ABSTRACT

THE CHALLENGE FOR the new teacher is to overcome the understandable urge to reinvent everything about teaching – to avoid being seduced by a powerful rhetoric of change. The rhetoric of change can present ‘streaming’1 as if it were a new and fresh approach, it can use the language of ‘appropriate pathways’ to conceal mechanisms for selection and the labelling of a generation of children and young people as educational failures – it is only by drawing on the experiences of a past generation of teachers that these ideas can be fully exposed to critical review. It is essential that new teachers become engaged in an on-going professional conversation with experienced teaching colleagues about the nature of teaching and learning. It is only by engaging in such a professional conversation that the new teacher can give the lie to Hegel’s often paraphrased sentiment that ‘we never learn the lessons of history’, this is not to say that talented young teachers will not innovate and change (see Chapter 8).
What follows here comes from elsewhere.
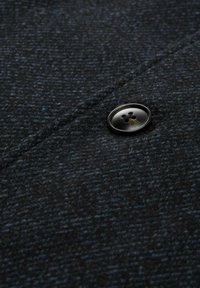 Țesătură din lână închisă, cu un model texturat, având un nasture negru cu patru găuri, poziționat aproape de o cusătură.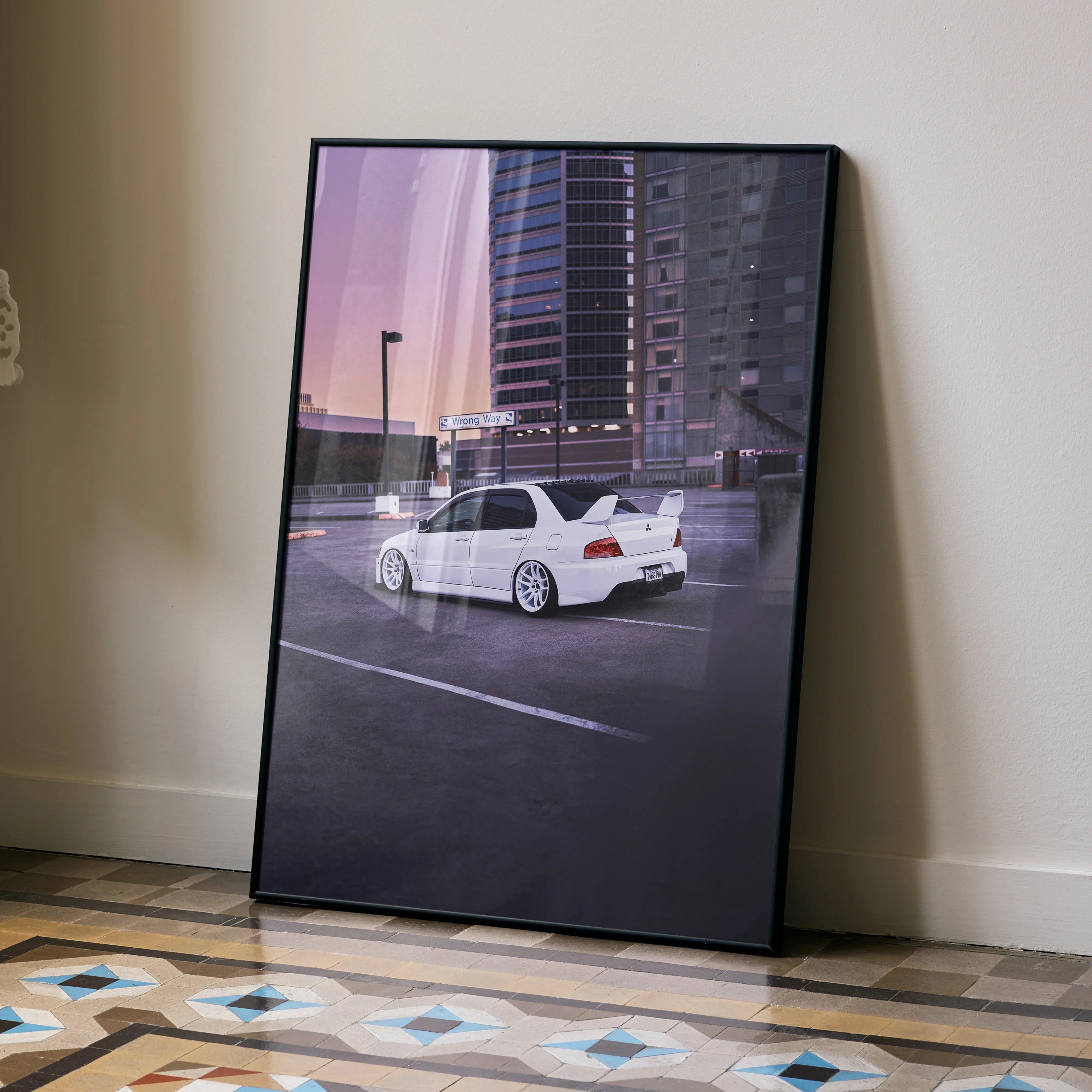 Mitsubishi Evo 8 poster showing white car parked in urban lot at sunset, modern wall art with cityscape background.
Indeed, the nature of all professional life is to see a new generation take up the

challenges presented by their time and to seek fresh solutions to those challenges – the problem lies in the adoption of strategies that are marketed as new but are in reality the failed attempts of previous generations repackaged for a new generation of teachers often kept ignorant of their own professional culture. A successful mentoring relationship will do much to ‘bridge the cultural gap’ between generations of teachers and should help to build a more secure sense of professional identity firmly founded on the somewhat unfashionable notion of vocation.